* Data records
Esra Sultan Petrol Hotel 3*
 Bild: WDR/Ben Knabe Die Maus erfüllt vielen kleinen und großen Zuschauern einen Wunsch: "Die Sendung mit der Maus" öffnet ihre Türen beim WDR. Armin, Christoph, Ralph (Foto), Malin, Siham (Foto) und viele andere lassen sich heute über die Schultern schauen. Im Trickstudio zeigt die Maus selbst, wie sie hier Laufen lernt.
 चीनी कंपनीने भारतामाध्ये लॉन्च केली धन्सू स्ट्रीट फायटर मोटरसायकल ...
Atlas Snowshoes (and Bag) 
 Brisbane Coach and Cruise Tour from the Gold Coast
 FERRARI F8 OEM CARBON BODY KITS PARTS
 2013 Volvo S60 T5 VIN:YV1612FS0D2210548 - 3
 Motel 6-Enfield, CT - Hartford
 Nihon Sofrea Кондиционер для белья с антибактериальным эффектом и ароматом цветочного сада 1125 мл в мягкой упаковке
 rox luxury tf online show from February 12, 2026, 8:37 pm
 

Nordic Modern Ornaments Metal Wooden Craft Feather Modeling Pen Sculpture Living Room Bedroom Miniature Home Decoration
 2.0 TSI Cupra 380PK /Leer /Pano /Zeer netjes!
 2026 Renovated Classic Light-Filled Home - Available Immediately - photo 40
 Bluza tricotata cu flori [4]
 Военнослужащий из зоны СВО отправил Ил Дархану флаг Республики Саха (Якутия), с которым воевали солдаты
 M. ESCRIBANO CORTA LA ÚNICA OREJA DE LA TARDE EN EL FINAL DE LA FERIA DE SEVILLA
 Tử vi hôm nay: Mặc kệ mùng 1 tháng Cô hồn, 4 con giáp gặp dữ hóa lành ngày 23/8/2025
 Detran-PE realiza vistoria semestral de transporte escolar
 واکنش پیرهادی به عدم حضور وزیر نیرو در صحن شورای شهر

* What is required
Give the records again, exactly as they appear.

* Written response
Esra Sultan Petrol Hotel 3*
 Bild: WDR/Ben Knabe Die Maus erfüllt vielen kleinen und großen Zuschauern einen Wunsch: "Die Sendung mit der Maus" öffnet ihre Türen beim WDR. Armin, Christoph, Ralph (Foto), Malin, Siham (Foto) und viele andere lassen sich heute über die Schultern schauen. Im Trickstudio zeigt die Maus selbst, wie sie hier Laufen lernt.
 चीनी कंपनीने भारतामाध्ये लॉन्च केली धन्सू स्ट्रीट फायटर मोटरसायकल ...
Atlas Snowshoes (and Bag) 
 Brisbane Coach and Cruise Tour from the Gold Coast
 FERRARI F8 OEM CARBON BODY KITS PARTS
 2013 Volvo S60 T5 VIN:YV1612FS0D2210548 - 3
 Motel 6-Enfield, CT - Hartford
 Nihon Sofrea Кондиционер для белья с антибактериальным эффектом и ароматом цветочного сада 1125 мл в мягкой упаковке
 rox luxury tf online show from February 12, 2026, 8:37 pm
 

Nordic Modern Ornaments Metal Wooden Craft Feather Modeling Pen Sculpture Living Room Bedroom Miniature Home Decoration
 2.0 TSI Cupra 380PK /Leer /Pano /Zeer netjes!
 2026 Renovated Classic Light-Filled Home - Available Immediately - photo 40
 Bluza tricotata cu flori [4]
 Военнослужащий из зоны СВО отправил Ил Дархану флаг Республики Саха (Якутия), с которым воевали солдаты
 M. ESCRIBANO CORTA LA ÚNICA OREJA DE LA TARDE EN EL FINAL DE LA FERIA DE SEVILLA
 Tử vi hôm nay: Mặc kệ mùng 1 tháng Cô hồn, 4 con giáp gặp dữ hóa lành ngày 23/8/2025
 Detran-PE realiza vistoria semestral de transporte escolar
 واکنش پیرهادی به عدم حضور وزیر نیرو در صحن شورای شهر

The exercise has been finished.